ECC is apparently one of the most powerful and least understood algorithms (I guess that makes sense).
An elliptic curve is the set of points that satisfy a specific mathematical equation. The equation for an elliptic curve looks something like this:
y2 = x3 + ax + b
That graphs to something that looks a bit like the Lululemon logo tipped on its side:
Transport Layer Security (TLS) is based on the Secure Socket Layer (SSL) protocol that was developed in the 1990s by the Netscape Corporation. SSL/TLS uses both asymmetric and symmetric encryption to protect the confidentiality and integrity of data-in-transit. Asymmetric encryption is used to establish a secure session between a client and a server, and symmetric encryption is used to exchange data within the secured session.
TLS is most commonly used with HTTP to make it secure (HTTPS)
A website must have an SSL/TLS certificate for their web server/domain name to use SSL/TLS encryption. Once installed, the certificate enables the client and server to securely negotiate the level of encryption in the following steps:
- The client contacts the server using a secure URL (HTTPS…).
- The server sends the client its certificate and public key.
- The client verifies this with a Trusted Root Certification Authority to ensure the certificate is legitimate.
- The client and server negotiate the strongest type of encryption that each can support.
- The client encrypts a session (secret) key with the server’s public key, and sends it back to the server.
- The server decrypts the client communication with its private key, and the session is established.
- The session key (symmetric encryption) is now used to encrypt and decrypt data transmitted between the client and server.
Both the client and server are now using HTTPS (SSL/TLS + HTTP) for their communication. Web browsers validate this with a lock icon in the browser address bar. HTTPS functions over Port 443.

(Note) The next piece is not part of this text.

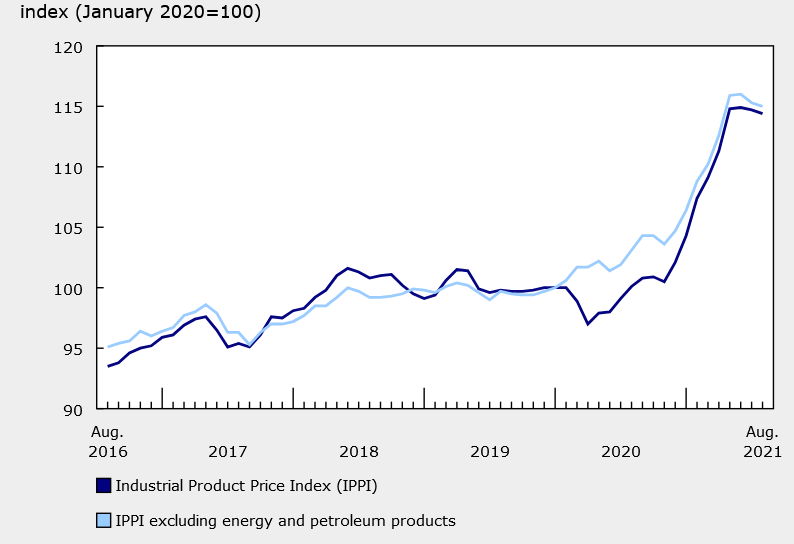 Canada August producer price index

Once you leave the website, those keys are discarded. On your next visit, a new handshake is negotiated, and a new set of keys are generated.

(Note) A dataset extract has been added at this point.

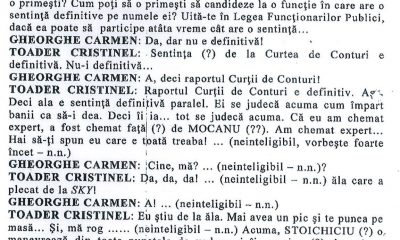 EXCLUSIV/ Negulescu Mircea a dorit sa arate ca toate „organele” din Prahova sunt corupte, cu exceptia SRI/ AJUTOARELE INCONSTIENTE ALE LUI NEGULESCU DIN POLITIA LOCALA PLOIESTI SI DATELE PERSONALE ALE FUNCTIONARILOR PUBLICI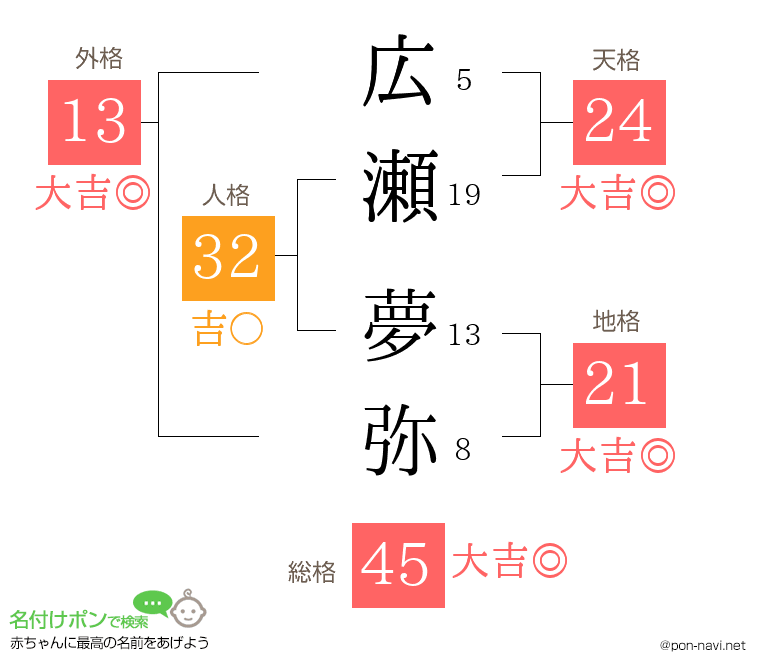 広瀬 夢弥さんの姓名判断結果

Depending on the version of TLS/SSL different symmetric and asymmetric algorithms can be used. Some TLS versions can use RSA for its key exchange and handshake while other versions use Diffie-Hellman. Versions of TLS also use AES or 3DES for its symmetric encryption bulk data transfers.
A question I had while researching about the different encryption techniques and the keys they each use was how the keys themselves are securely stored. Also how most local files were encrypted when stored.
Takes an input of some arbitrary length and hashes it into an output of fixed length. Common data type used when working with certain data (passwords, ...). Hashing is collision free so no two different inputs will be mapped to the same output.
- Hash functions are mathematical functions that transform or "map" a given set of data into a bit string of fixed size, also known as the "hash value."
- Hash functions are used in cryptography and have variable levels of complexity and difficulty.
- Hash functions are used for cryptocurrency, password security, and message security.
Cryptographic hash functions add security features to typical hash functions, making it more difficult to detect the contents of a message or information about recipients and senders. Often hashing functions go through multiple cycles to add to the stored security. Secure Hash Function (SHA) is an algorithm developed by NIST with SHA-3 being the most recent version based on the Keccak algorithm.